I'm actually the author of the article in question, and I would like to clarify, as this blog post is rather misleading about the point of view, that neither I nor the Dig suggested that the site was left off of the trail, but rather that Alfred Young suggested that that was a possible reason, which is pretty clear in the article. Although the link is currently unavailable on the Dig site, you can still see the article as it appeared HERE to see for yourself. I also would say that your point on the tea party helps validate this argument, and further that the massacre has been often sanitized and altered - a thing difficult to do with the liberty tree.

Thanks,
Matthew Wilding

J. L. Bell said...

Then I feel I should clarify that the blog post doesn't say that Dig story suggested that the Liberty Tree site was left off the trail for political reasons, only that it “discussed” that idea.

The fact that the story was headlined “Willfully Forgotten” (a quote from Dr.
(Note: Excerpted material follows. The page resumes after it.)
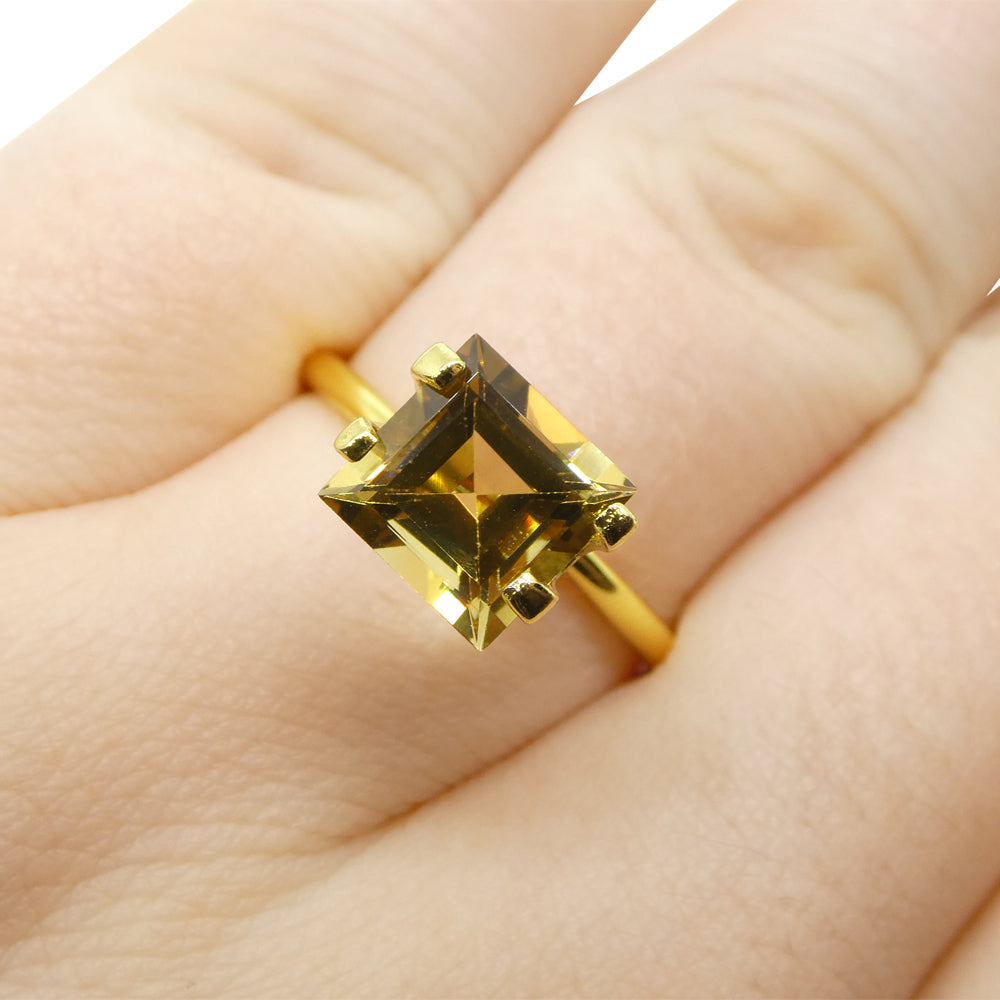 2.51ct Square Golden Yellow Heliodor Beryl from Brazil, premium single gemstone by SkyJems Canadian gem specialists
Al Young) could give the impression that the newspaper was playing up that theory over others. But that was, of course, the editor's decision.

Thanks for the new link to the article's text.

Anonymous said...

John C. Miller's biography of Sam Adams calls it an oak not an elm, probably one of the many things Miller got wrong. Another useful source on this is Arthur M. Schlesinger "Liberty Tree: A Genealogy" in The New England Quartley Vol. 25 No. 4 (Dec, 1952) pp. 435 to 458.